Qualcosa sta cambiando anche tra gli stessi giuristi. “Credo che di fronte alla situazione attuale, alcuni colleghi si radicalizzino”, osserva Benkhelifa, “e riconoscano che bisogna aprire le frontiere se vogliamo smettere di far morire le persone”. Anna Brambilla parla della necessità di cambiare rotta e prospettiva, di non pensare esclusivamente in termini di asilo ma di tornare alla riflessione originaria sui diritti, sulla libertà di movimento e sulle migrazioni.
“Il cambiamento deve essere anche culturale e personale”, afferma. Così, dal 2022, l’Asgi propone ai suoi soci degli incontri con specialisti della migrazione in ambiti diversi dal diritto, per stimolare questo cambio di prospettiva ed evitare l’isolamento e il frazionamento disciplinare. “Non possiamo inoltre non osservare come, anche tra gli ‘addetti ai lavori’, il sapere sia ancora essenzialmente bianco e occidentale”, aggiunge Brambilla. “Come sostiene Rachele Borghi, docente di geografia all’Université Paris-Sorbonne, occorre ‘decolonizzare il sapere’”, e questo anche nel campo del diritto.

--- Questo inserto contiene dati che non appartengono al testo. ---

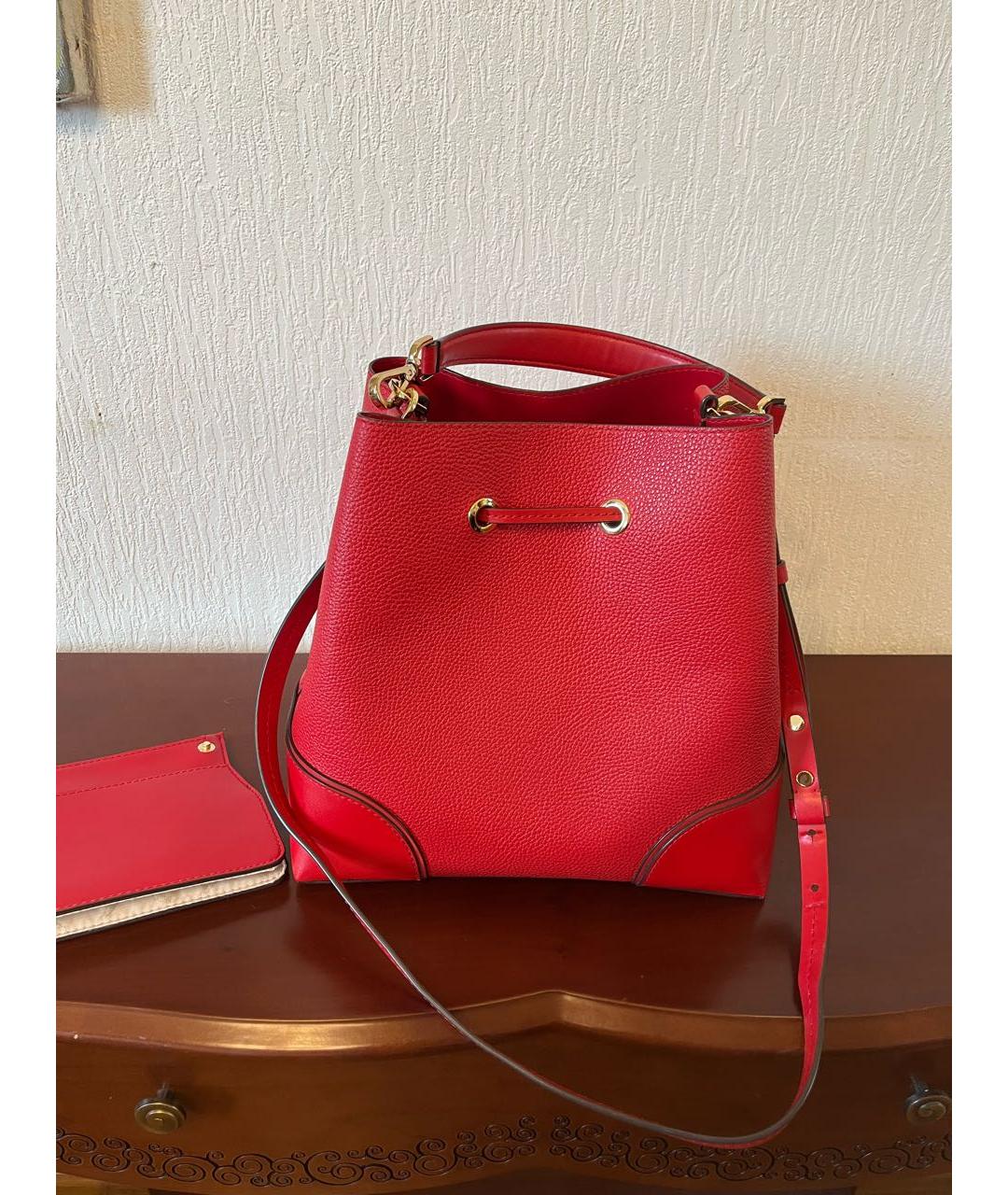 MICHAEL KORS Красная кожаная сумка с короткими ручками, фото 3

“Certo che sono arrabbiata, ma non ho perso la speranza, perché credo che la questione dei diritti umani e della democrazia sia un’eterna lotta”, conclude Benkhelifa. “La situazione potrebbe peggiorare ancora per qualche anno, e poi migliorare. Uno dei motivi per cui ho deciso di diventare avvocata era l’ammirazione che provavo per la giurista franco-tunisina Gisèle Halimi. Durante la guerra di Algeria, difese attivisti e attiviste del Fronte di liberazione nazionale che avevano ricevuto una condanna a morte. Halimi e i suoi colleghi ebbero il coraggio di portare avanti questa battaglia perché credevano nell’Algeria libera. Io credo nell’uguaglianza di tutti gli esseri umani e nell’apertura delle frontiere e questo mi dà la forza per continuare questa lotta, anche se per ora può sembrare utopistica”.